Wednesday, 8 November 2017
Conference: APSEC 2017 (Asia-Pacific Software Engineering Conference), 4th – 8th December, Jiangsu, China
Boundary Spanners in Open Source Software Development: A Study of Python Email Archives
Pankajeshwara N. Sharma, Bastin Tony Roy Savarimuthu, Nigel Stanger
Open source has become a significant movement in software development, enabling the creation of high quality, freely available software by teams of volunteer developers distributed around the world. Popular open source software projects (such as the Python programming language) can attract quite sizeable communities, but most of the development work is usually carried out by a small subset of “core” developers. The stability and longevity of this core developer group are crucial for the success of a project. Earlier research has identified key individuals in open source development projects, but has not considered “boundary spanning” individuals whose responsibilities span different functional areas, e.g., development-centric vs. user-centric activities. In this article, we propose an approach to identify core boundary spanners and their roles within the community, by analysing email communications amongst core developers of the Python programming language. We also propose an approach to identify potential replacements for a community administrator who steps down.

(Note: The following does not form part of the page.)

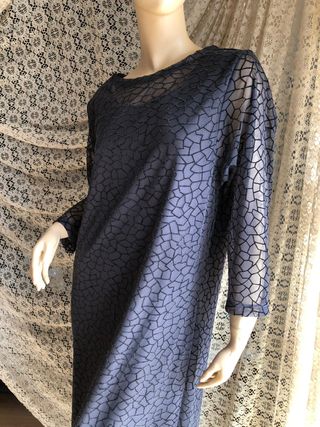 Vestido largo fiesta gris con brillo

Conference: ICCE2017 - 25th International Conference on Computers in Education : 4th – 8th December, 2017, Christchurch, New Zealand
Title: “Go Kahoot!” Enriching Classroom Engagement, Motivation and Learning Experience with Games
Authors: Sherlock A. Licorish, Jade Li George, Helen. E. Owen, Ben Daniel
Summary: Technology is being increasingly integrated into teaching so as to enhance students’ engagement and motivation. In particular, game-based student response systems can improve students’ learning experience. In this paper we report on the outcomes of employing a game-based student response system called Kahoot! into a university course. In order to examine the efficacy of the system in engaging students during lectures, we conducted semi-structured interviews with them to learn about the extent to which Kahoot! contributed to a positive learning experience. We also explored students’ views about Kahoot!’s influence on classroom dynamics, motivation, and the learning process. Overall findings reveal that the deployment of Kahoot! enriches the quality of student learning in the classroom, with the best influence being reported in classroom dynamics, engagement, motivation, and improved learning experience. We also learned that the use of games in the classroom can largely minimise distracting classroom behaviours and activities, and improve the quality of teaching and learning beyond what is provided in conventional classrooms (e.g., normal PowerPoint slides, and chalk and talk).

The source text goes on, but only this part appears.